Wood: And what else do you do when you make the outfit?
Whitewolf: The outfit, you have to measure the person that you’re gonna make it for, then you have to cut it out according to their size—I don’t have any patterns for nothin’. It’s all in my head. I can measure anybody and make them anything they want from the measurements that I take. And then you cut it out, and everything that I do is either hand sewn or hand laced—there’s no machines in my work.
Wood: How did you begin to do that kind of work, how did you get involved in this?
Whitewolf: It kind of evolved, and what it was, from [when] I was about five years old, I’ve been making stuff. My grandma made baskets and my grandpa made furniture, but when he made furniture, he went out in the woods, and he cut it, and he brought it back and made it out of the wood.

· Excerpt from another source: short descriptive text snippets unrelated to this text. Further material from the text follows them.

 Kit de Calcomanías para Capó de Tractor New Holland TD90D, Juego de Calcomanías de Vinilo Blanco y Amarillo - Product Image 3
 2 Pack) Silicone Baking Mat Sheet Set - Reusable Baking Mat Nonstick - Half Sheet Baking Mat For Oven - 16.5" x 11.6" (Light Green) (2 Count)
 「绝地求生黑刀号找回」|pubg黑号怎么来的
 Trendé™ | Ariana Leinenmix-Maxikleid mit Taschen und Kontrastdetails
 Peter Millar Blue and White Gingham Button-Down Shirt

He didn’t go to a lumber mill and buy wood, or go to a lumber mill and saw wood. He carved the actual wood out of locust, and he made furniture. And I grew up with that, seeing that kind of stuff done, and I got into it, and I started doing it, and uh (laughs) I started doing it, and so I evolved into, from stringing beads on a string and that type of stuff, into making knife cases, into making bows and arrows, and today I can make anything. I just can, but it’s nothing that I’ve done, really, it’s God give me these talents, and I can just do it.

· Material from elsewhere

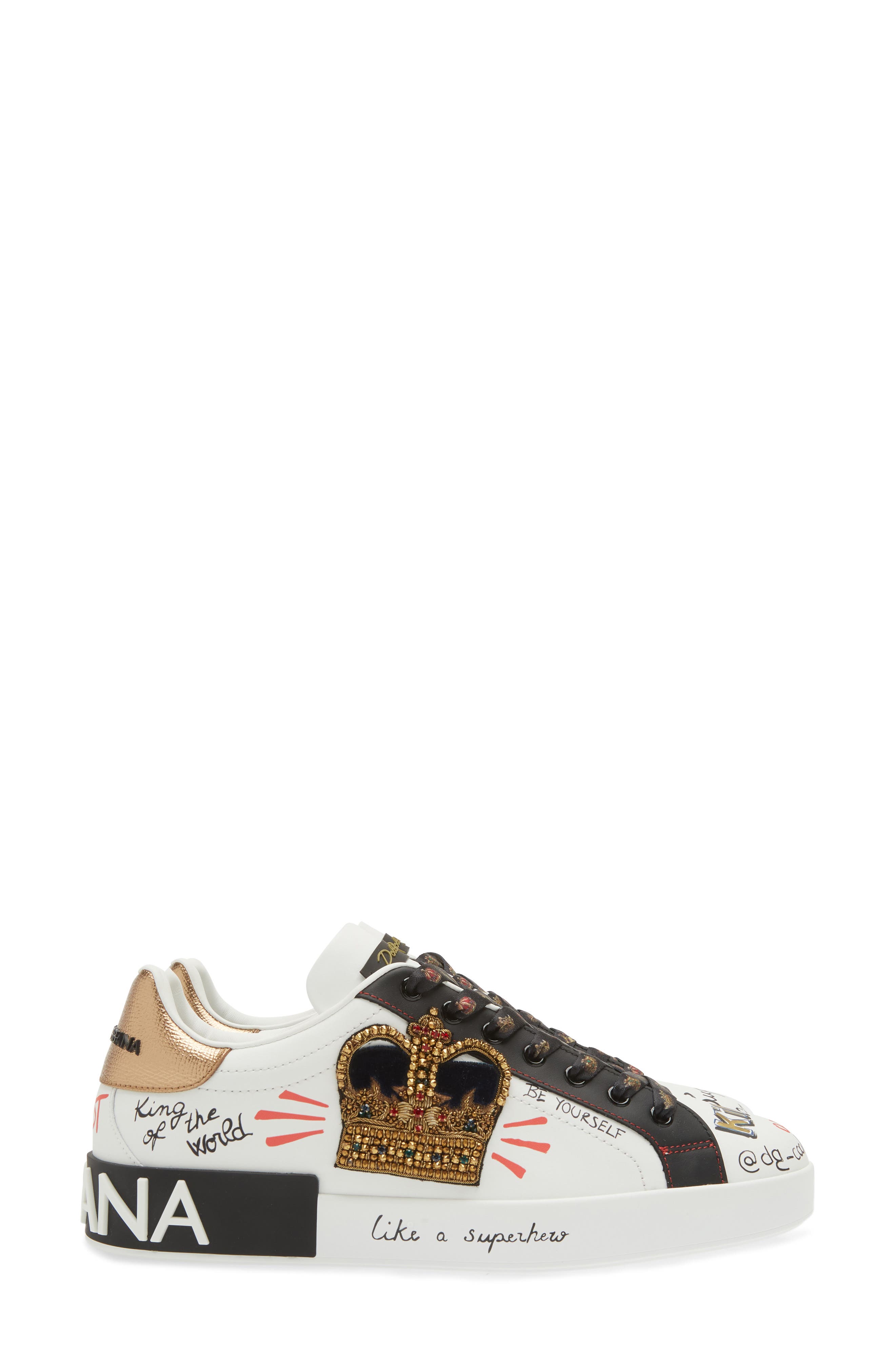 Dolce&Gabbana Portofino Graffiti Embellished Sneaker, Alternate, color, White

Wood: Where have you demonstrated your work?
Whitewolf: [I’ve demonstrated my work at] every major powwow in this land really, from Red Earth [Oklahoma], Hunter Mountain in New York, Schemitzun in Connecticut, Shinnecock on Long Island, and then a lot of Indian art shows. I also have stuff, I had stuff, in the Museum of the American Indian a long time ago, in a gift shop in New York, and then I used to have stuff in the Washington Museum in Connecticut, the Sioux Museum in South Dakota—now whether that stuff’s there or not now, I don’t know. So I’ve displayed stuff everywhere.
Wood: Ok, here’s a question: How do you feel like, is this a tradition that’s going to continue into future generations and how will it be passed on?
Whitewolf: Well one of the main things that I’ve done with my life, is I’ve always, I’ve never stopped teaching other people how to do what I do. I’m not afraid of competition, and I don’t think as Indian people we’re competitive people in that sense. I take the people in the Monacan Tribe now, and I have classes on Tuesdays and Thursdays. We went to England recently, and the girls that went, all the clothes they wore they made themselves—I taught them how, I taught them how to make the clothes, how to put them together, but they did the work. And so I’m handing it down that way. I don’t have anything written down, and I don’t have anything that you can see a film of, because I don’t wanna do it that way—I want to do it orally, so that when I hand this down to the kids, and the adults, they can in turn hand it down the way they learned it, which was hands-on, hands on hands.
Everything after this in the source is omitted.